4. L’accroissement de la production de paddy : des déséquilibres potentiels

Pourquoi, dans ces conditions, la production ne se développe-t-elle pas davantage ? Aucun goulet d’étranglement significatif ne semble exister, puisque le plus sévère, celui provenant de la faiblesse de l’attelage n’est même pas atteint (il est rare que les terres mises en culture atteignent 4 hectares). II est évidemment commode de faire référence à la « paresse » des paysans et les colonisateurs ne s’en sont pas privé... Les explications que l’on peut avancer sont évidemment multiples et complexes. J’étudierai plus loin les facteurs institutionnels et idéologiques qui contribuent fondamentalement à la stagnation relative de la production et ne retiendrai donc ici que des motivations « économiques ».

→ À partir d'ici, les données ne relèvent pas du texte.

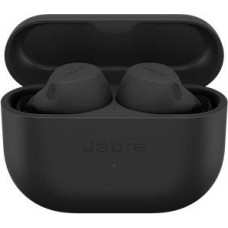 Наушники TWS JABRA Elite 8 Active Black (100-99160700-98)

La première tient à la place et aux limites des échanges intérieurs et extérieurs. Les fluctuations de la production sont considérables et l’assurance d’une production permettant une consommation minimum 6 années sur 7 (c’est-à-dire laissant une année de disette) supposerait un accroissement des superficies cultivées de l’ordre de 20 à 25 %, conduisant à un surplus équivalent les bonnes années. Or, ce surplus est difficilement négociable ou ne l’est qu’à des prix dérisoires, en partie à cause du coût des transports (cf. infra). Dans ces conditions, d’autres activités peuvent s’avérer beaucoup plus fructueuses, d’autant qu’elles échappent largement aux contrôles et donc à la taxation. C’est le cas de tous les travaux forestiers, de la cueillette et de la chasse. On peut penser que le paysan cambodgien n’ajuste pas mécaniquement sa production à un niveau de consommation jugé incompressible, mais utilise au mieux la souplesse de ses capacités de production pour compenser les déficits éventuels. V. Henry (1932, 338) note ainsi que

‘« dans les régions voisines des districts forestiers les tubercules et les racines fournissent aussi un complément de nourriture ».’

Un rapport de 1914 (ANC 42.806) mentionne ainsi la culture de mais, haricots, manioc, patates, etc.

L’étude de la corrélation  100 entre exportation et production de paddy de 1920 à 1928 confirme cette hypothèse : la consommation intérieure (consommation humaine, animale, semences, pertes et distillation) varie considérablement pendant cette période, de 149 kgs par tête en 1924, à 337 kgs en 1927, soit environ du simple au double. Dans le premier cas, il devrait y avoir une situation de famine aiguë, le riz ne pouvant fournir que la moitié d’une ration calorique normale ; or, les rapports ne mentionnent que des disettes, parfois sévères localement, mais qui peuvent en général être jugulées par des mesures administratives comme l’interdiction d’exportation. Le paysan s’avère donc capable de trouver des céréales d’appoint. Ce n’est plus le cas dans la période 1956-65, où la relation entre production et exportation profondément transformée, peut être interprétée comme une confirmation - a contrario - de cette hypothèse : la consommation intérieure par tête est remarquablement stable, variant de moins de 5 % (de 330 kgs en 1957 à 344 kgs en 1963), bien que la production soit très fluctuante. Ce sont donc les exportations qui amortissent les fluctuations. Cette configuration doit être mise en relation avec la dégradation de la situation de la paysannerie khmère, progressivement enfermée dans la monoculture, qui dans le contexte écologique, technique et démographique de l’époque, augurait mal de l’avenir. On se rapprochait d’une situation où la consommation devenait incompressible, par impossibilité de produire des substituts, et inextensible parce qu’il n’existait pas d’autre ressource que la vente du paddy les bonnes années.

Tableau 10 - Production et exportation de paddy 1920-1929 et 1956-1965 (milliers de t)
Tableau 10 - Production et exportation de paddy 1920-1929 et 1956-1965 (milliers de t)
Tableau 11 - Production et exportation de paddy. 1920-1928 et 1956-1965
Notes
100.

Les corrélations sont significatives au seuil de 5 %. Dans les deux cas R est supérieur à 0,9. Les valeurs éliminées correspondent à des situations particulières explicables : en 1921 le niveau très élevé du exportations (213 000 t pour 880 000 t produites) s’explique par une brusque sécheresse de fin d’année ; les ventes sur pied par anticipation qui alimentent les exportations ont de ce fait été excessives. En 1929, au contraire les exportations interdites par le Protectorat, sont faibles (74 000 t) alors que la récolte se révèlera très supérieure aux prévisions (780 000 t).